Espero que cierre la puerta y después me vuelvo hacia los cinco.

– Soy el comisario Jaritos. -No recibo ninguna respuesta, mientras los cinco se frotan lentamente las muñecas-. He venido en busca de una información que no tiene relación alguna con el caso por el que os han traído aquí. Si me ayudáis… -me interrumpo, por si dicen algo, pero es inútil. Esperan a ver adónde quiero ir a parar, para decidir si hablarán conmigo y qué me pedirán a cambio-. Buscamos a un hombre joven, más o menos de vuestra edad, que probablemente se mueve en vuestro círculo de gente, y quiero que me digáis si lo conocéis.

Me saco del bolsillo una foto y se la doy al «intelectual», que le echa un vistazo y se vuelve hacia mí:

– ¿Por qué le buscáis?

– Ha matado cuatro personas y, si no lo paramos, seguirá matando.

El «intelectual» mira la fotografía en silencio y la pasa a los demás. Todos la miran casi de manera inexpresiva, pero intercambian algunas miradas significativas para mí.

– Si me ayudáis, os prometo que el fiscal lo tendrá en cuenta -les digo.

– ¡Primero que nos ayuden! -reclama el más joven.

– ¡Seguro que os ayudarán! En este país se juzga a todo el mundo, nadie escapa de la cárcel. La cuestión es cuándo saldréis de ella.

Se observan, intercambian miradas de complicidad, pero no abren la boca.
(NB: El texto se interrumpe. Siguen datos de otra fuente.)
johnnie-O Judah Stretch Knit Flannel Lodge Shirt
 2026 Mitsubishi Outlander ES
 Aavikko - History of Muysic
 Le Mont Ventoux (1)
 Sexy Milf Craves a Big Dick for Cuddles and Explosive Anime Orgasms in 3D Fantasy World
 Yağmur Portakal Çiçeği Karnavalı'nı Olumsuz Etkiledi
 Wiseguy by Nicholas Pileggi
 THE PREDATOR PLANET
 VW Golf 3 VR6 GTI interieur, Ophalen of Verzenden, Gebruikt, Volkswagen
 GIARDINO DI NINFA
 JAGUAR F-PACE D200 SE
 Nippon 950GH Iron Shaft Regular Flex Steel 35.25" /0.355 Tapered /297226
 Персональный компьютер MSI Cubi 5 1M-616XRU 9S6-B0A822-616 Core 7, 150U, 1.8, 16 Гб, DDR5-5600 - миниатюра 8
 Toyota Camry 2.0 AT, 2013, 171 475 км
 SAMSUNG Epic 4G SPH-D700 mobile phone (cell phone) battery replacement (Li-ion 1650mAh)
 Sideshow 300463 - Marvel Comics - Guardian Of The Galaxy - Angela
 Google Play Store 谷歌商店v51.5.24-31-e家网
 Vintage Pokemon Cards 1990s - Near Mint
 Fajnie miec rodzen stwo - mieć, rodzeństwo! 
Decido aumentar un poco más mi oferta.

– También puedo hablar en vuestro favor para que os saquen de aquí y os trasladen a una prisión normal.

No hay respuesta. Los interpelo a uno tras otro, por si alguno cambia de opinión, pero recibo tres «no» consecutivos. El único que no se limita a una escueta respuesta es el de la mirada asesina.

– ¡Guapa tu hija, comisario! -me dice con una sonrisa desafiante-. Me gustaba mucho. Incluso ahora sueño con ella.

Pretende provocarme, pero con un recurso demasiado sobado.

– Te van a caer tantos años de prisión que llegarás a soñar con las gatas de tu vecino -le replico sin inmutarme.

El otro trata de continuar con su juego, pero uno de los brutos le corta.

– ¡Cierra el pico, imbécil! No es momento de hacerse el listillo.

– Viene en plan generoso para que piquemos y nos dice que nos ayudará -se queja el asesino.

– ¡Basta de una puta vez! -le corta esta vez el «intelectual».